▶ [Recorded data]:
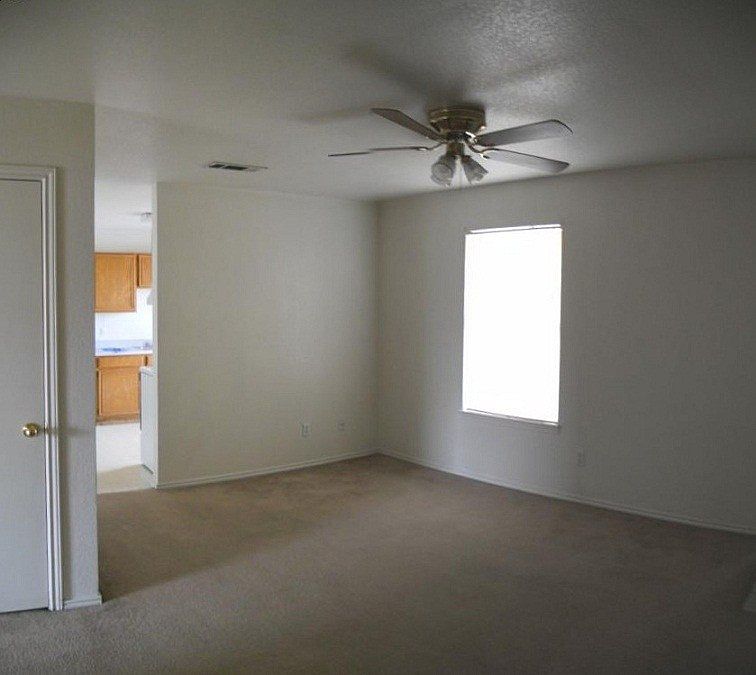2nd image of 1904 Windward Dr APT A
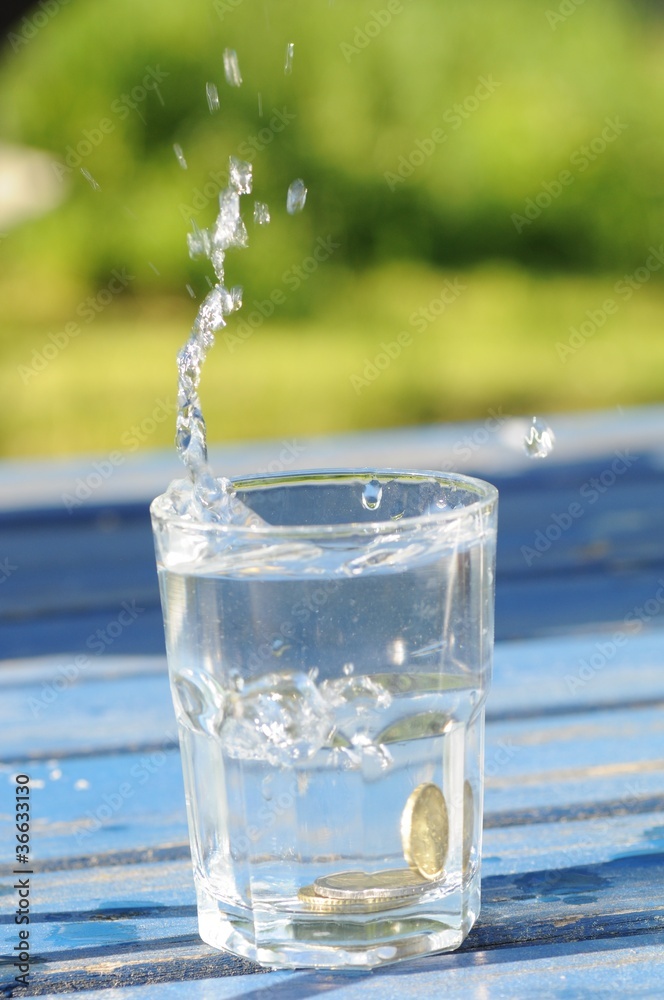 Wasser eingießen Wasser eingießen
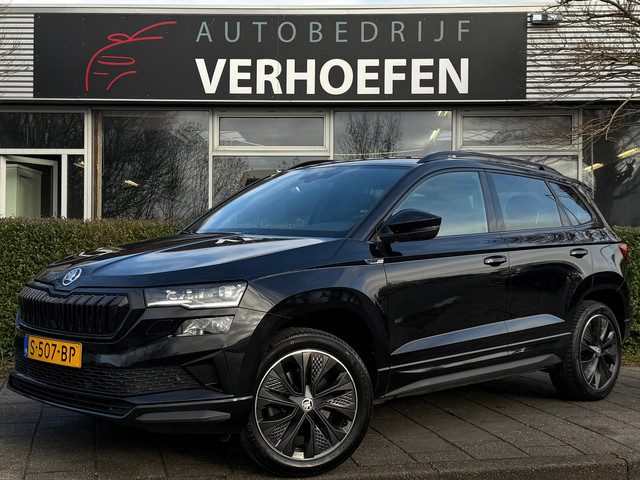 Škoda Karoq 1.5 TSI ACT Sportline Business - APPLE CARPLAY - DEALER ONDERHOUDEN - STOEL / STUUR VERW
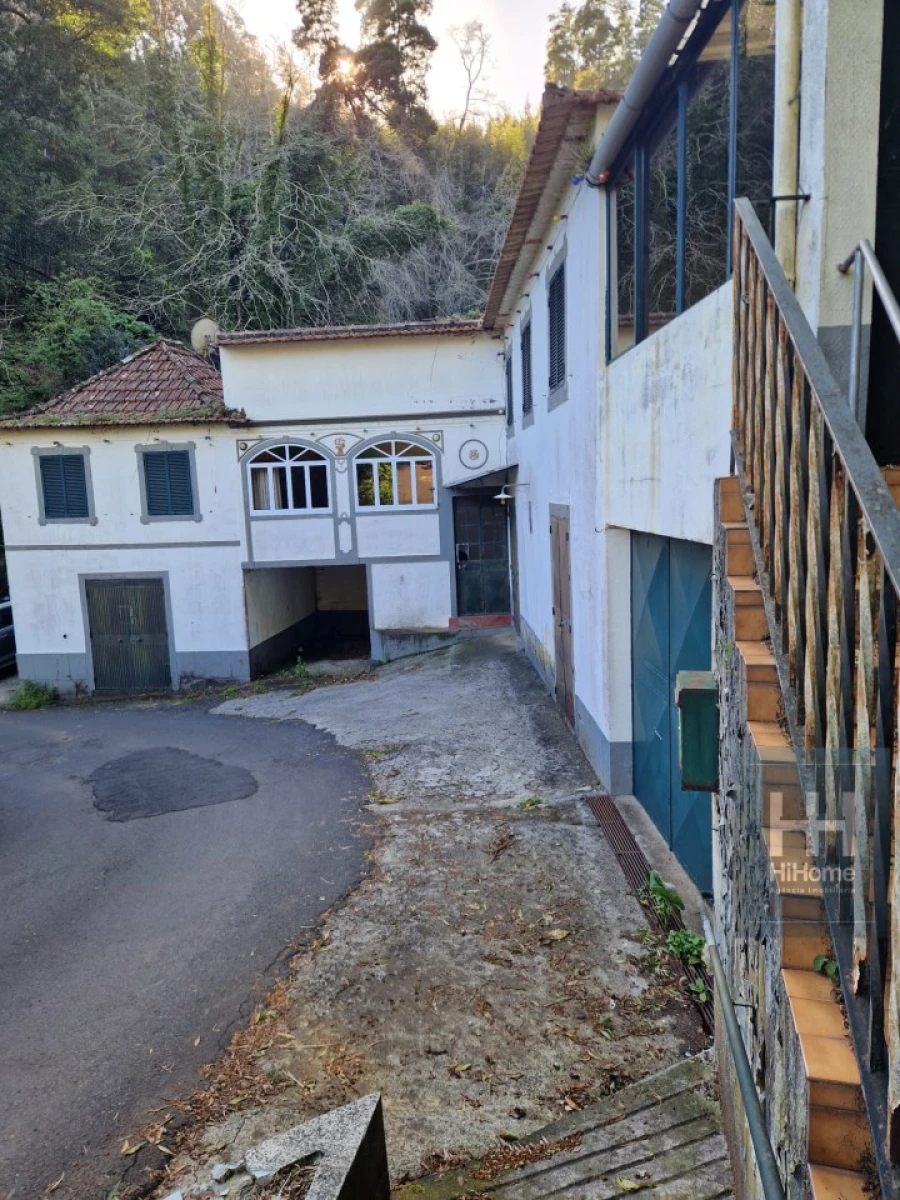 Moradia T3 para Venda em Camacha Foto 2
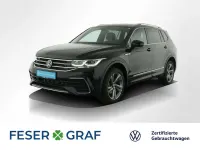 Second-hand VW Tiguan R-line 150 CP (110 kW) 2023 Negru SUV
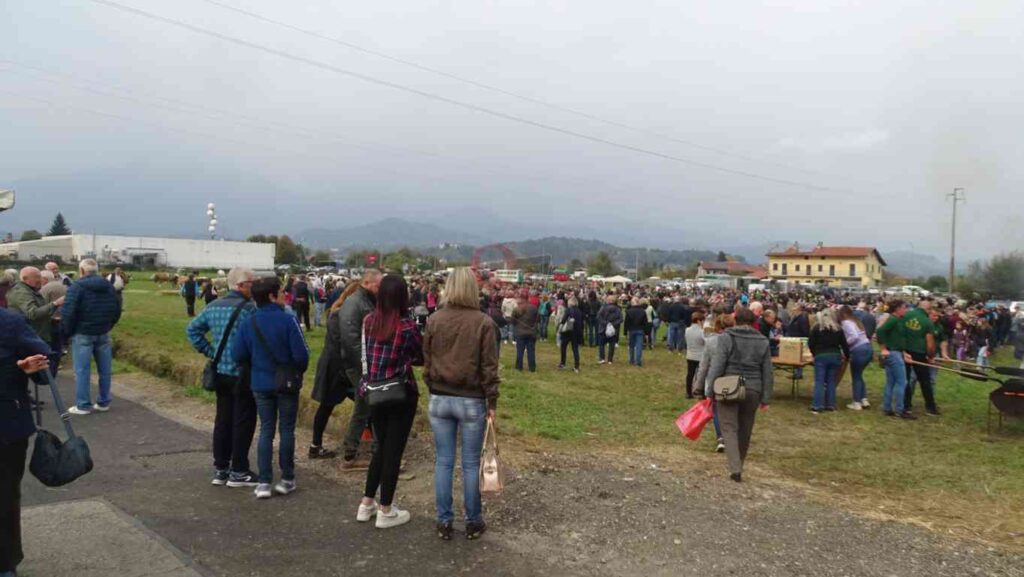 tanta gente a Castellamonte in frazione sant'antonio per la fiera di ognissanti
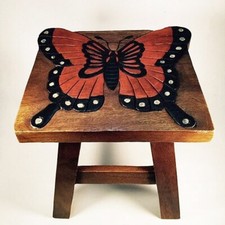 POGGIAPIEDI IN LEGNO CODA DI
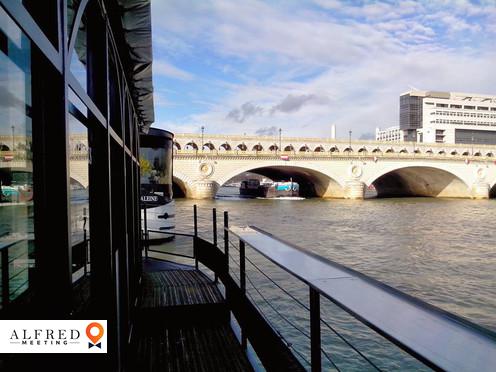Le Kiosque Flottant, Bateau Naviguant, Paris, Île-de-France, France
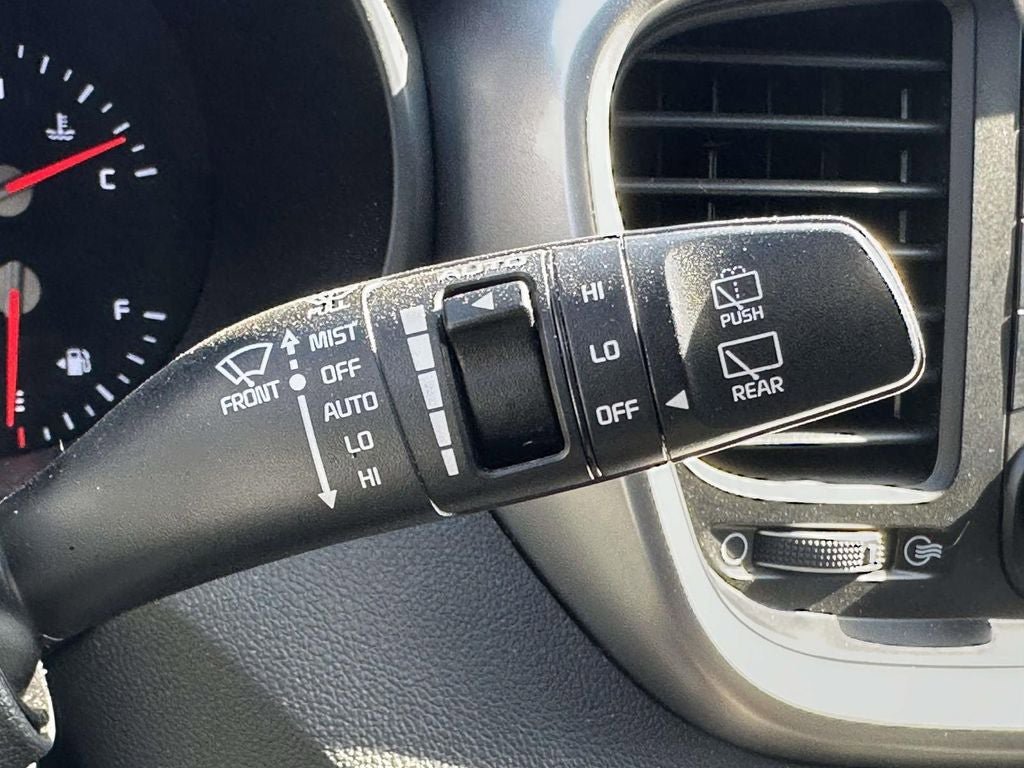 Used 2019 Kia Sorento SX image 32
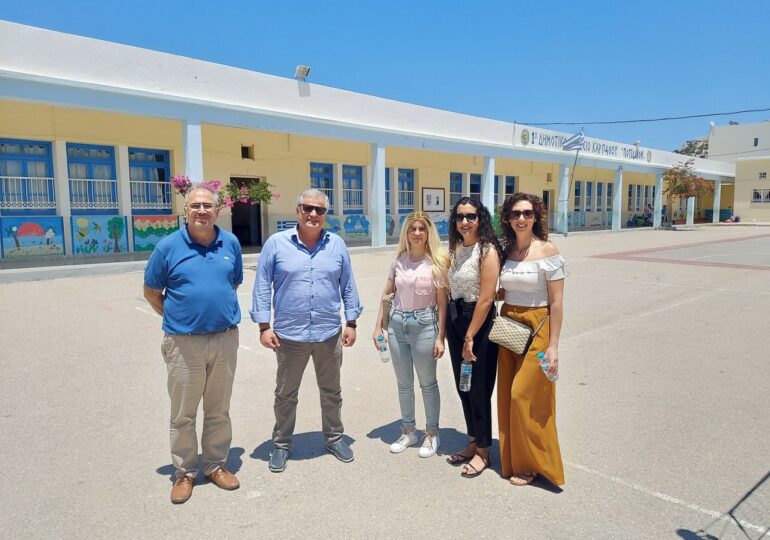 Ο υπ. Δήμαρχος Καρπάθου, Μιχ. Φελλουζής, επισκέφθηκε σχολικές μονάδες στα Πηγάδια, συνεργασία με Διευθυντές σχολείων και καταγραφή προβλημάτων
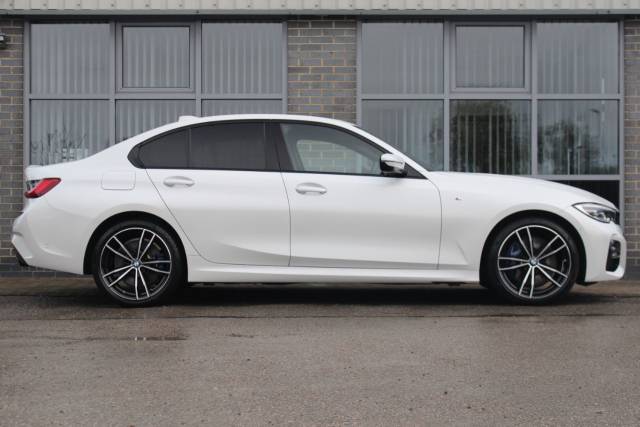 2019 BMW 3 Series 2.0 330e 12kWh M Sport Auto Euro 6 (s/s) 4dr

▶ [Instructions to follow]: Would you print, exactly as they appear, the lines from the line with "Used 2019 Kia Sorento SX image 32" through the end of the entries above, leaving out the pictures?

▶ [Result of the exercise]:
 Used 2019 Kia Sorento SX image 32
 Ο υπ. Δήμαρχος Καρπάθου, Μιχ. Φελλουζής, επισκέφθηκε σχολικές μονάδες στα Πηγάδια, συνεργασία με Διευθυντές σχολείων και καταγραφή προβλημάτων
 2019 BMW 3 Series 2.0 330e 12kWh M Sport Auto Euro 6 (s/s) 4dr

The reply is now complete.